Borowicz: Ein starkes Bekenntnis der Einwohner zu „ihrer“ Innenstadt ist eine Grundvoraussetzung für den weiteren Erfolg. Handel und Gastronomie sowie weitere Dienstleister und Handwerksbetriebe müssen die Kunden aber auch zeitgemäß abholen. Dazu gehört gerade auch – dies hat Corona mehr denn je gezeigt – das Anbieten digitaler Services. Befragungen im Rahmen des City Labs haben ergeben, dass der Bedarf nach digitalen Angeboten hoch ist. Deutliche Mehrwerte lassen sich auch dann erzielen, wenn sich die Akteure mehr vernetzen und nicht als Einzelkämpfer agieren. Hier ist man in Meschede mit Stadtmarketing und Werbegemeinschaft auf einem guten Weg. Hoffen wir, dass die angekündigte Unterstützungsbereitschaft kein Lippenbekenntnis bleibt.
Das Stadtmarketing versucht durch Aktionen (Innenstadt-Dinner) und Konzerte (Meschede live) Besucher in die Innenstadt zu ziehen. Warum ist das wichtig?

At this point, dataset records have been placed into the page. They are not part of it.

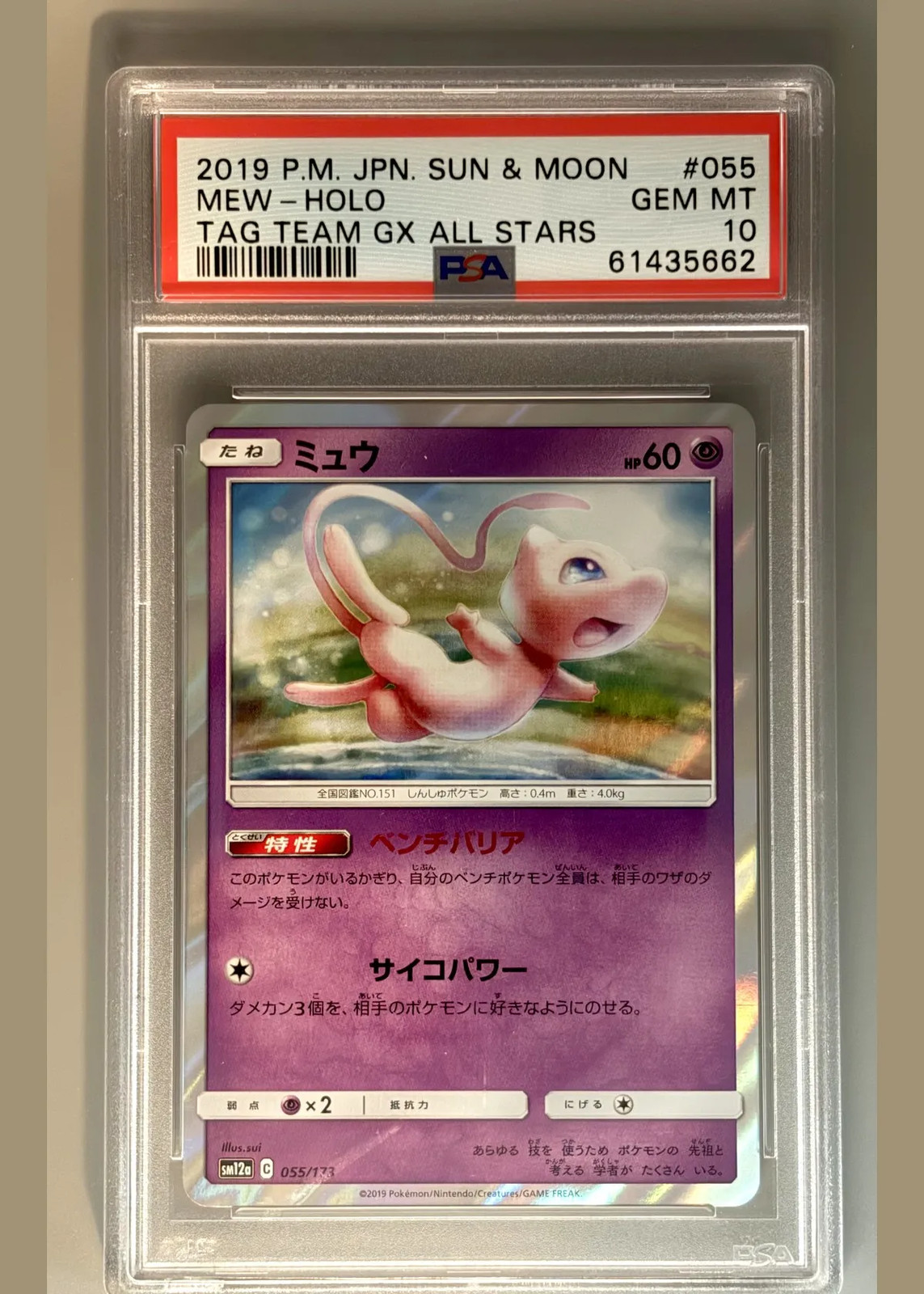 Mew Holo #055 (2019 P.M. JPN. Sun & Moon Tag Team GX All Stars) - PSA 10
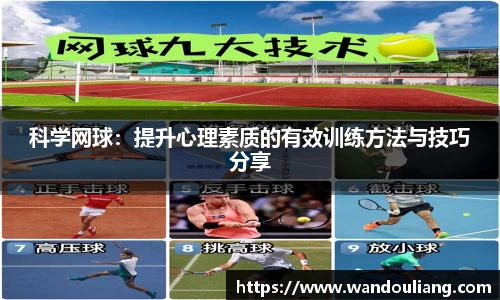 科学网球：提升心理素质的有效训练方法与技巧分享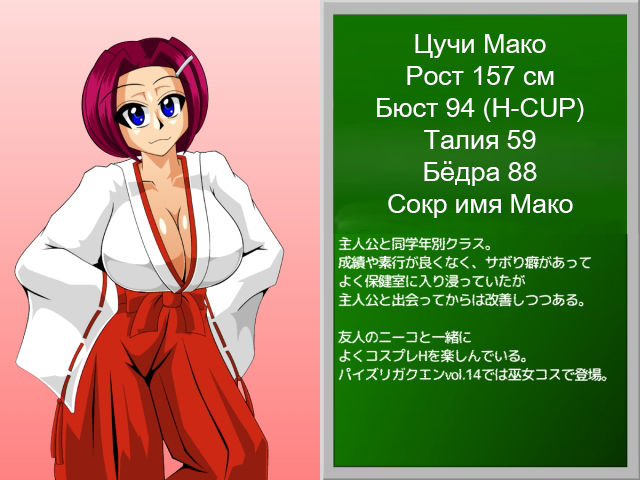 Paizuri Gakuen Vol. 14 | Академия пайзури Эпизод 14 page 7 full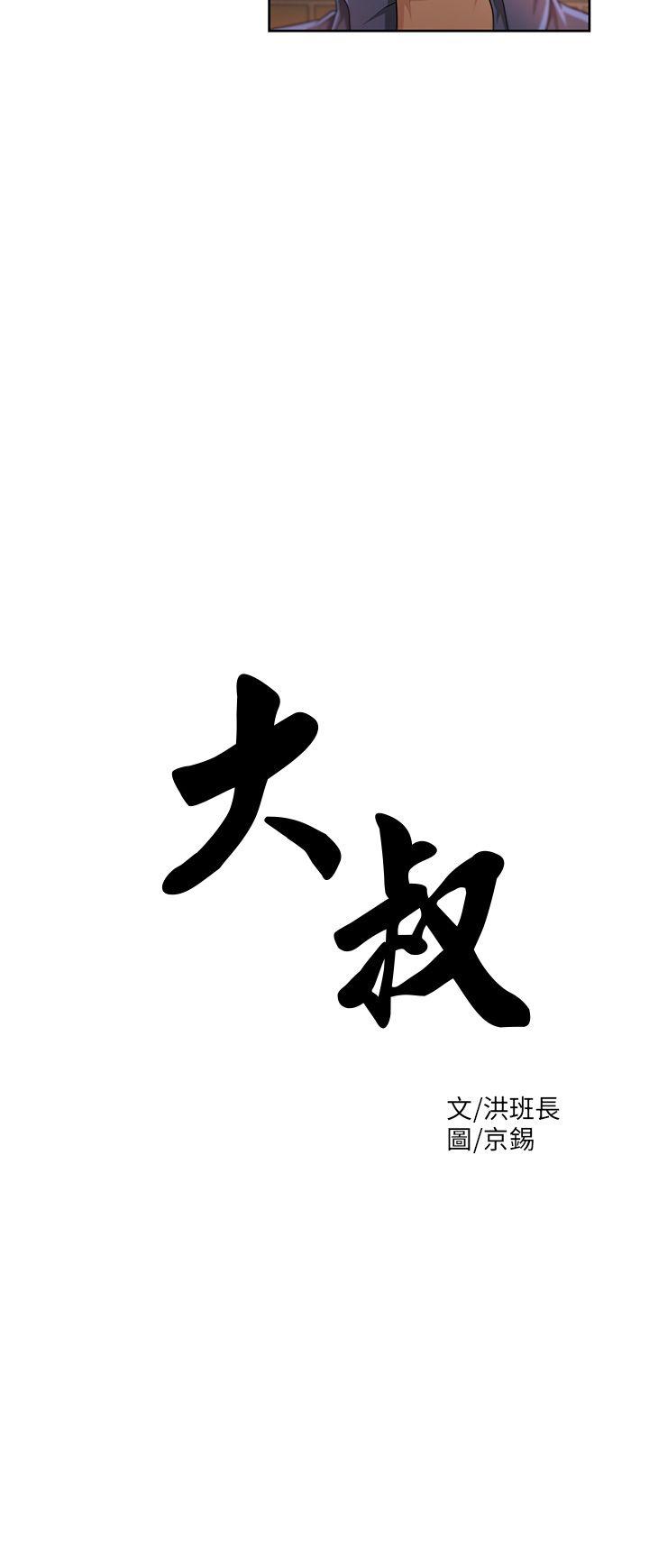 大叔 第6話 第3页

Borowicz: Das Schaffen von Erlebniswelten ist ein wesentlicher Erfolgsfaktor attraktiver Innenstädte. Gerade durch Events etc. bildet man so einen Gegenpol zur rein digitalen Welt. Innenstädte sind nicht mehr nur reiner Marktplatz, sondern wandeln sich im Idealfall zu Aufenthalts- und Erlebnisorten mit ergänzenden kulturellen und Freizeitangeboten. Veranstaltungen, auch wenn sie außerhalb von Öffnungszeiten stattfinden, machen grundsätzlich „Lust auf Innenstadt“. Sie ziehen auch Leute in die City, die sonst nicht (mehr) dorthin kommen.

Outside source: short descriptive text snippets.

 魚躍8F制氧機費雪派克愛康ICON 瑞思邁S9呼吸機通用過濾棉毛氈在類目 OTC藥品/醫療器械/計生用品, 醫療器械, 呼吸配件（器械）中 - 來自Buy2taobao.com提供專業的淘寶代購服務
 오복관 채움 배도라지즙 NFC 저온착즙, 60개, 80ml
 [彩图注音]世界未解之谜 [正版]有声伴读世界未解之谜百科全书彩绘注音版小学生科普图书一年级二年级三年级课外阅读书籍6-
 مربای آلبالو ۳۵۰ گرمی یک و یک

Die Digitalisierung ist der Knackpunkt für die Zukunft der Innenstädte. Sie ist Konkurrent und Zukunft.
Borowicz: Die Kunden handeln bzw. informieren und kaufen schon seit geraumer Zeit situationsbedingt mal online, mal offline. Insofern sind Innenstadtakteure im Idealfall hybrid unterwegs. Dies heißt nicht, dass es unbedingt ein eigener Onlineshop sein muss. In erster Linie muss der Händler online sichtbar sein. Schon ein „Google my Business-Eintrag“ oder die Bespielung von Social-Media-Kanälen kann die Sichtbarkeit und die Kundenansprache deutlich verbessern. Sicherlich hat Corona dazu beigetragen, dass sich alle gezielter mit der Digitalisierung und ihren Chancen auseinandersetzen. Unsere Workshops zu Social Media und Suchmaschinenoptimierung waren jeweils innerhalb von 24 Stunden ausgebucht.

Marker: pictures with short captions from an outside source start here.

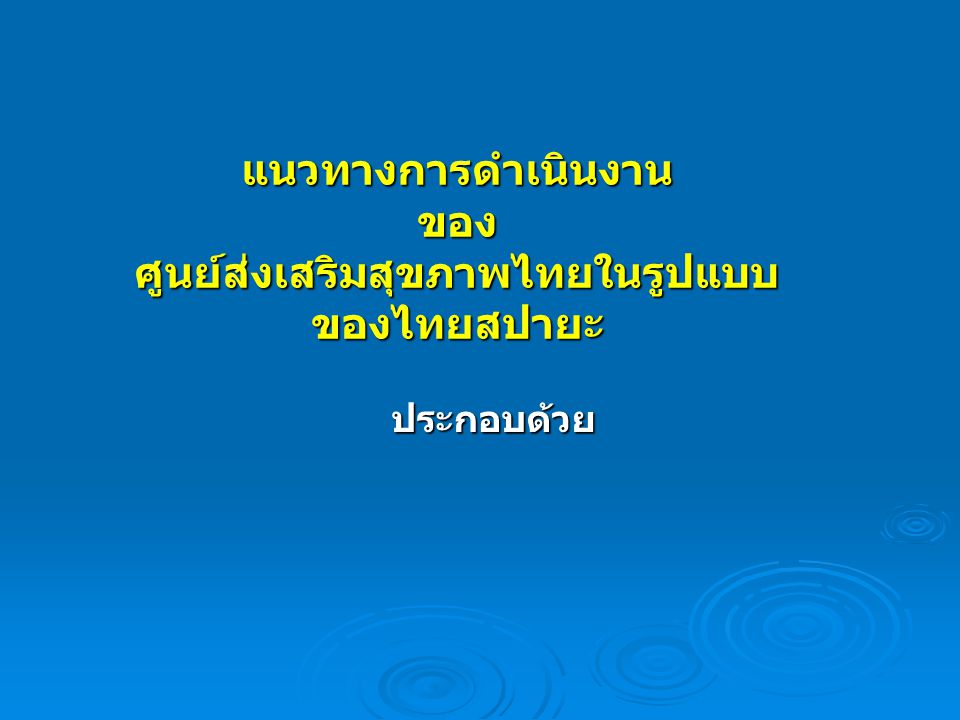 ศูนย์ส่งเสริมสุขภาพไทยในรูปแบบของไทยสปายะ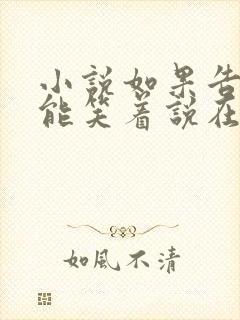 小说如果告别不能笑着说在线阅读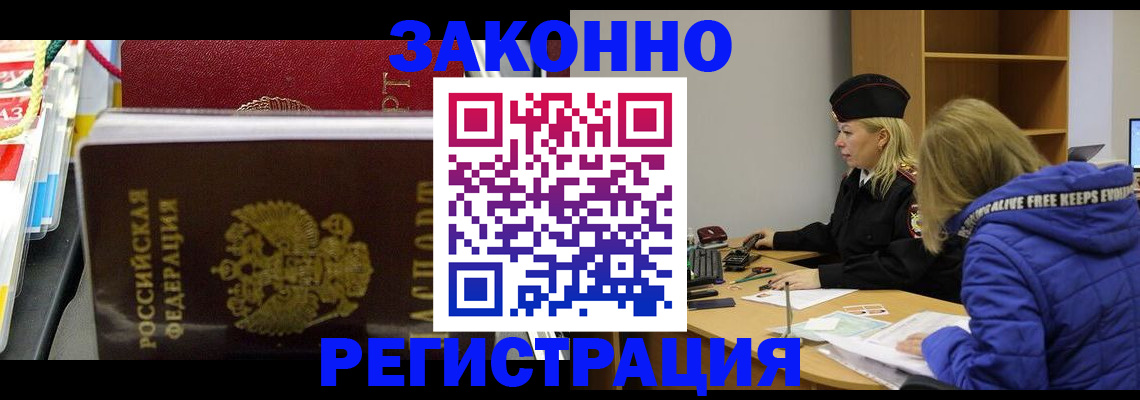 прописка поиск в Смоленской области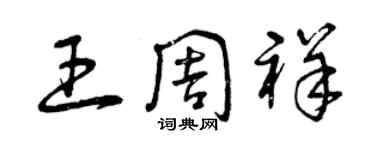 曾庆福王周祥草书个性签名怎么写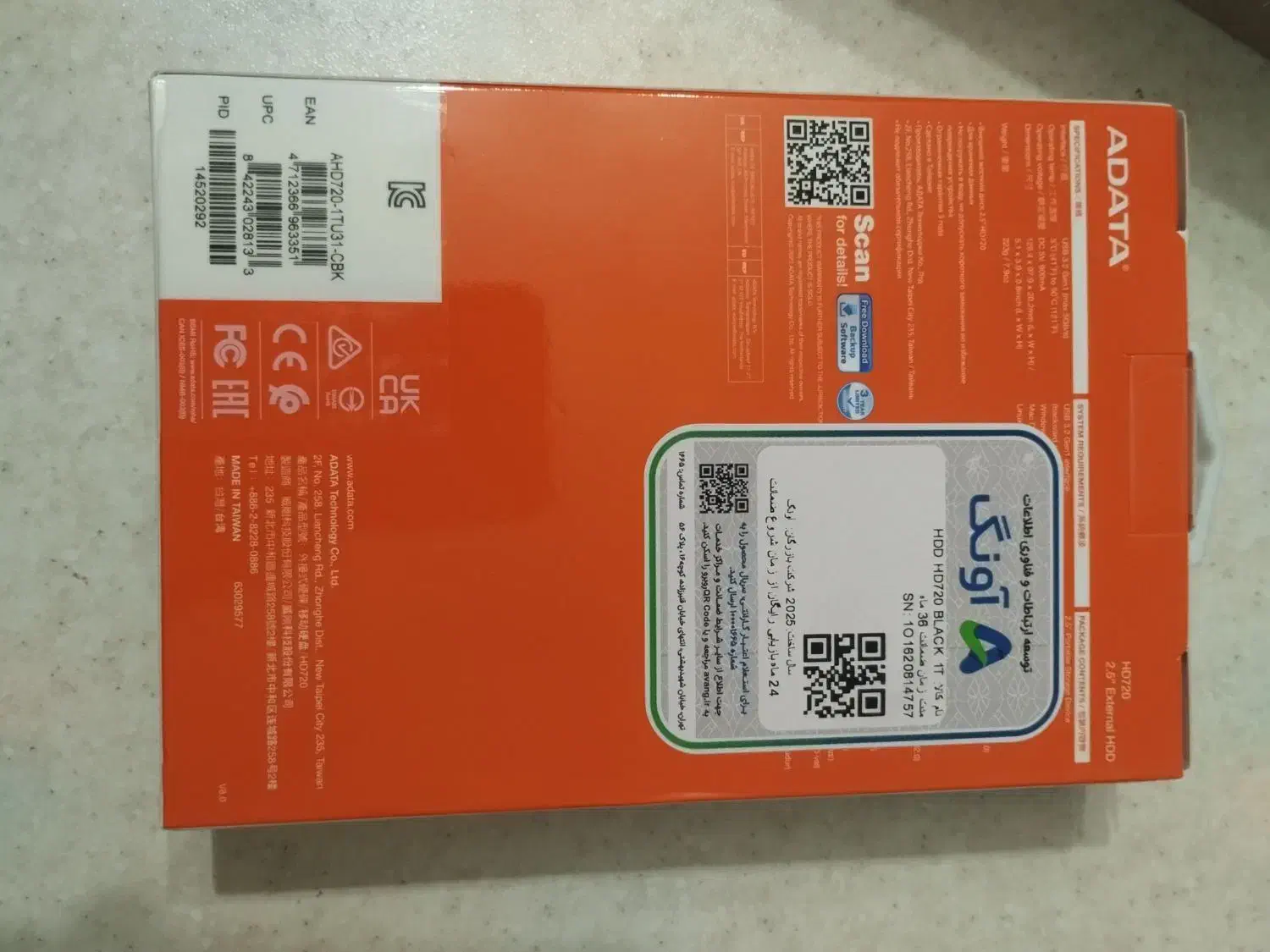 هارد یک ترابایت ای دیتا|قطعات و لوازم جانبی رایانه|کرج, خلج آباد|دیوار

Ergebnisse aus dem Projekt City-Lab:
Im Projekt City-Lab wurden acht Szenarien entwickelt, wie sich Innenstädte in Südwestfalen entwickeln können. Daraus ergeben sich für Meschede folgende Punkte:
1. Meschede gehört zu den mittelgroßen Städten, für die sich die Szenarien „Regionaler Marktplatz“ und „Erlebnis statt Shopping“,gegebenenfalls auch als Mischform, herauskristallisiert haben.
2. Dabei profitiert der regionale Marktplatz vom großen Gemeinsinn der Bürger.
3. Allerdings sollten Umwelt- und Nachhaltigkeitsaspekte mehr Beachtung finden.
4. Wichtig ist auch ein einheitliches Konzept mit allen Akteuren.
5. Dabei ist die digitale Transformation ein wesentlicher Schlüssel zum Erfolg.
6. Die klassische Marktplatzfunktion allein wird kein Garant für eine auch zukünftig attraktive Innenstadt sein. Dagegen sind Erlebnismöglichkeiten ein entscheidender Punkt.